The Context Wall
tl;dr: We’re building a grounded, source-cited reasoning tool. The naive approach (one long chat thread) hits four walls in sequence: latency, cost, prompt-following degradation, and then a hard context limit. Solving that forced us to rethink what a “conversation” actually is. Turns out it’s just a tree, and a surprisingly malleable one at that. We’re building AI that proves it’s right. We’re hiring.
When we started building Kepler, the core promise was simple: every claim the product makes should be traceable to a source. Not “Nvidia is profitable” but “Nvidia is profitable, per this line in this SEC filing.” The difference sounds subtle. Technically, it’s the difference between a product that earns trust and one that quietly erodes it.
The natural way to build that is a linear chat with smarter prompting. Plant the seed, tend it carefully, and trust it to grow straight. This works fine in demos. It falls apart in production.

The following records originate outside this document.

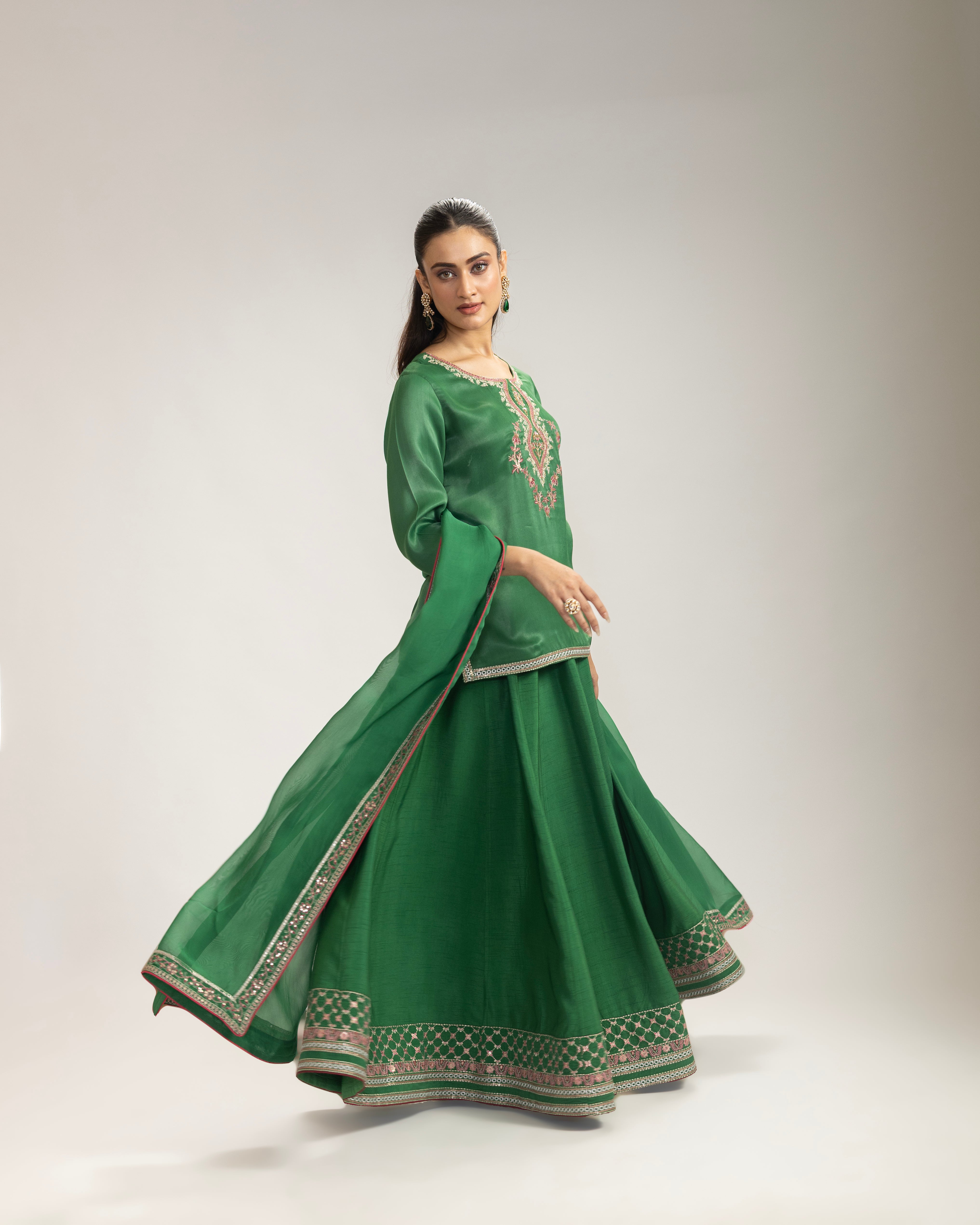 Ishani – Forest Green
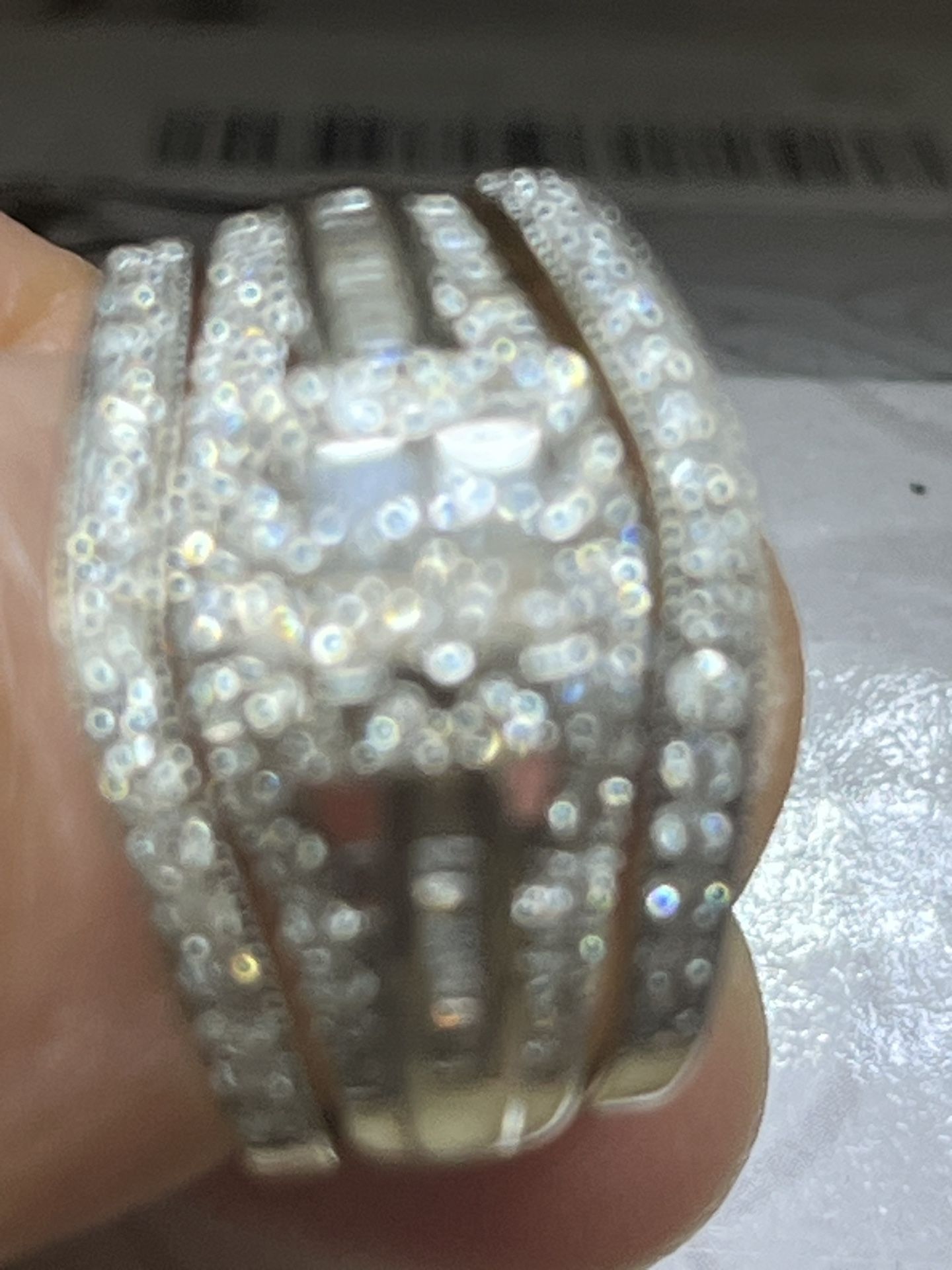 14k Diamonds Ring 8.3g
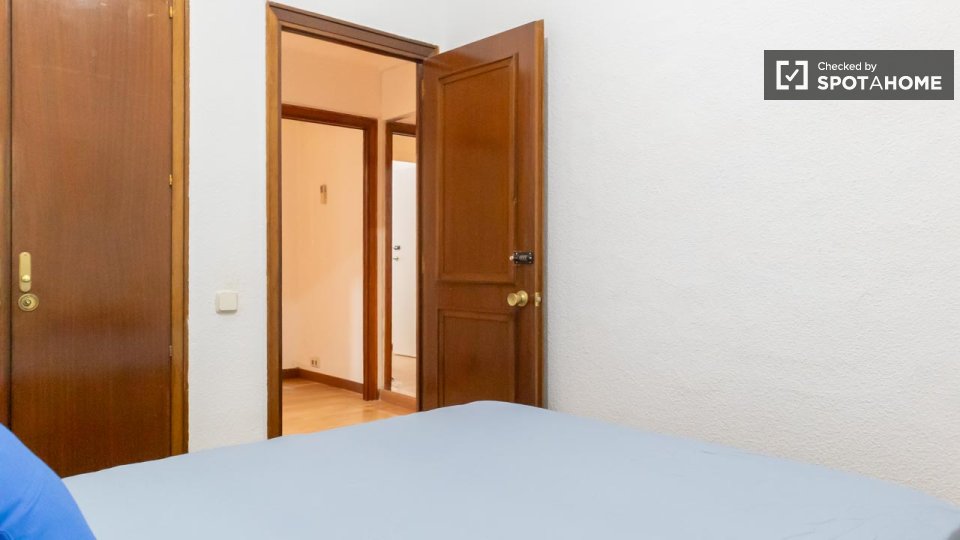 Double room Madrid, 6 beds, 116m² — photo 6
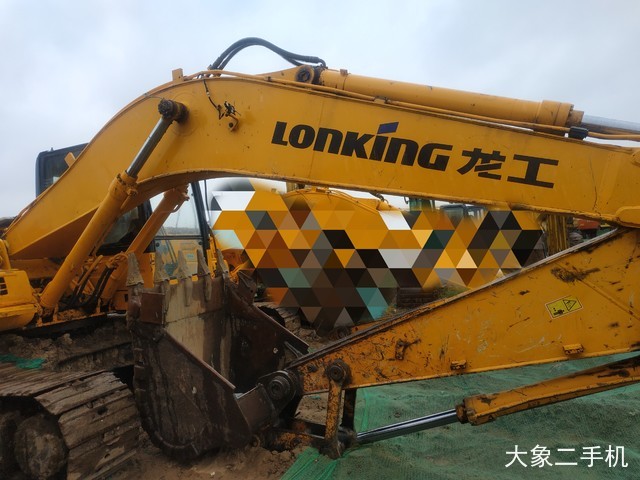 龙工 LG6225 挖掘机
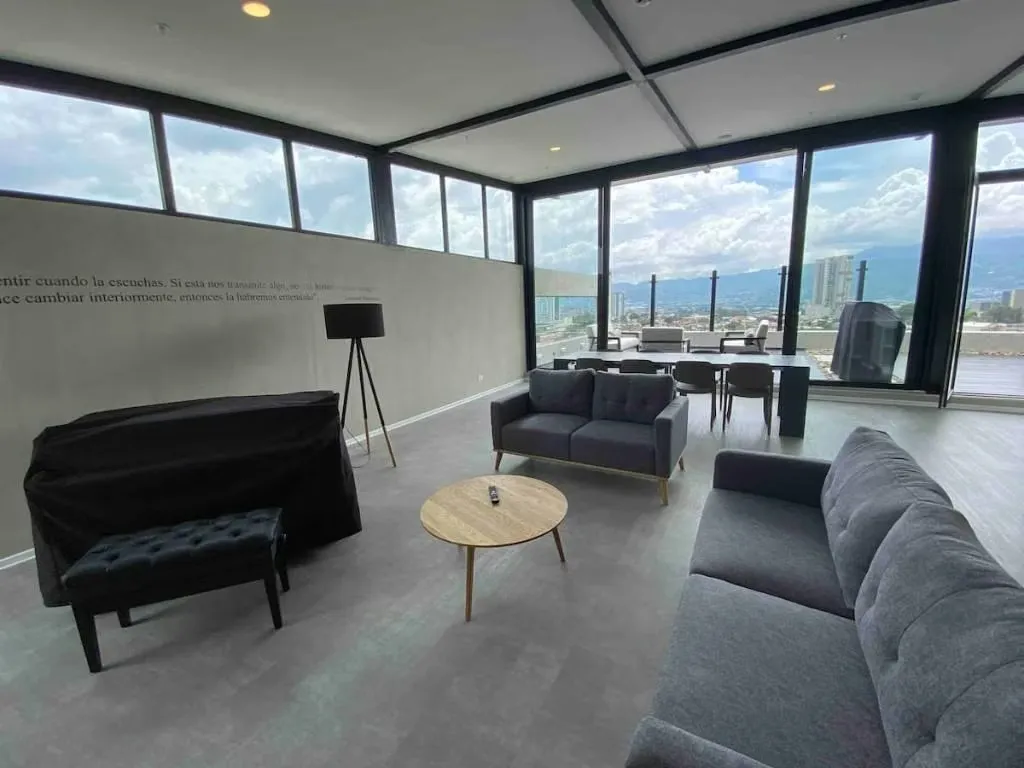 Este moderno apartamento de 2 habitaciones se encuentra en el corazón de Barrio Escalante, una ...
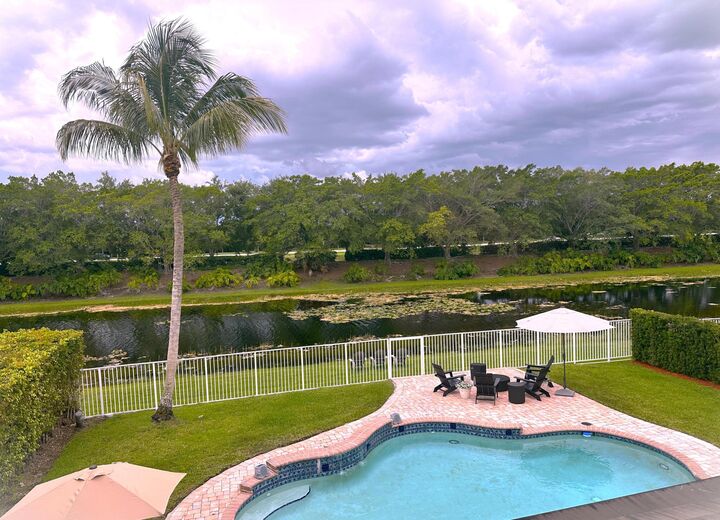 Property Photo:  4299 Laurel Ridge Circle  FL 33331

The first thing you notice is latency. Spreadsheets are central to what our users do. They’re not a nice-to-have, they’re the deliverable. We generate code that builds them rather than constructing them cell by cell, which is the right call for reliability and correctness. But for any analysis involving a company’s full history, that pipeline routinely adds 30 to 60 seconds to a response. Sometimes more. Users noticed immediately.1
You can reason about why: bigger context, more tokens, more to process before the first line of output. But knowing the reason doesn’t make it hurt less when you’re watching a spinner.
The second thing you notice is cost. Longer contexts mean more tokens processed on every single call, including all the previous turns you’re re-sending. You start doing the math and it doesn’t look good.
Both of those are, in principle, tractable. Latency and cost are engineering problems. You can throw compute at them, optimize prompts, cache aggressively. So you do.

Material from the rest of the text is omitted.